Landlords and tenants alike might not see how a story about a homeowners’ association and a pig pertains to them. But, although the facts are unusual and may seem foreign to your experience, the dispute nevertheless serves as a reminder of key rights and responsibilities when it comes to rental properties and pets. Indeed, there are important lessons that both landlords and tenants can learn from this dispute and should keep in mind throughout a tenancy.
The dispute concerns a Lake Worth, Florida, homeowners’ association’s contention that a family doesn’t have the right to keep a “therapy pig” in their home. According to a recent report by the Sun-Sentinel, the family claims that their pig, Wilbur, isn’t merely a pet but offers invaluable emotional support to their children, who have been diagnosed with ADHD and Asperger’s. However, the homeowners’ association argues that no matter what beneficial purpose Wilbur may serve, keeping a 65-pound potbellied pig in a home crosses the line.
While, on one level, this story is about a homeowner’s association and a pig, it’s also an example of a common scenario in which an individual claims a need for a housing accommodation based on a disability. Landlords and tenants should take note:
- Housing discrimination laws apply broadly. Although this issue involves a homeowner’s association, it could just have easily been a dispute between a tenant and a landlord. The Fair Housing Act (FHA), a federal law barring discrimination based on disability and other factors, broadly applies to residential property owners, managers, and others who could interfere with a tenant’s civil rights.
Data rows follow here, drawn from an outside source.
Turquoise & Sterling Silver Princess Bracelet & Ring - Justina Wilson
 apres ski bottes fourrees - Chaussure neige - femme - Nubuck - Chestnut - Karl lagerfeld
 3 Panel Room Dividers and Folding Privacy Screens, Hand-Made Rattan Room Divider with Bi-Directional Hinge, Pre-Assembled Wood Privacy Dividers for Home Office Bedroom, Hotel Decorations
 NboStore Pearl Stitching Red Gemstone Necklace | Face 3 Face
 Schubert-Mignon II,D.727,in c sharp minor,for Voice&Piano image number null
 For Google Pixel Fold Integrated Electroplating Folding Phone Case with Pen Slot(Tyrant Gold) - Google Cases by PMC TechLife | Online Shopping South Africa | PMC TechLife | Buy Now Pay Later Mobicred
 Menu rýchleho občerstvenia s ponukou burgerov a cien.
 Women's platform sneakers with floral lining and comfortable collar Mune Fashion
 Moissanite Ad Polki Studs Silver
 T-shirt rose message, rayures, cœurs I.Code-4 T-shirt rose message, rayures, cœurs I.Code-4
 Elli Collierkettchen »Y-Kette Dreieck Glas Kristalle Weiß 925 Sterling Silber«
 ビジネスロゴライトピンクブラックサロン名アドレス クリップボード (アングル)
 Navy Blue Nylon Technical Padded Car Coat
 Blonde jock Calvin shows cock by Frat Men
- Both sides must take this topic seriously. Landlords should consistently approach the larger topic of disability accommodations with a sense of importance and care. If you’re a landlord, you needn’t grant every tenant’s request for a service animal or other accommodation, but you should seriously consider all such requests. This way, you can determine if a request is reasonable or be in a position to justify why you must deny a request. Also, tenants who believe they need an accommodation should present their request in writing to their landlord. Even though this formality isn’t required by law, approaching a landlord in this way will help ensure that the landlord understands your request and takes it seriously.
- Tenants’ service animal requests are limited only by reasonableness. When a tenant asks a landlord to keep an animal as an accommodation for a disability, it must be treated as any other accommodation request. This means that a tenant must show that he needs the particular accommodation in connection with a disability, and that granting the request would be reasonable. According to the FHA, an accommodation is reasonable if it doesn’t impose an undue financial or administrative burden. As a practical matter, requests for pigs and other exotic animals (which aren’t widely welcome at rental properties to begin with) would be less likely to pass muster as reasonable. But, because the FHA doesn’t identify any animal or breed for exclusion, animals other than cats and dogs may qualify. In any event, if an accommodation request must be denied as unreasonable, the landlord and tenant should try to come up with a viable alternative accommodation.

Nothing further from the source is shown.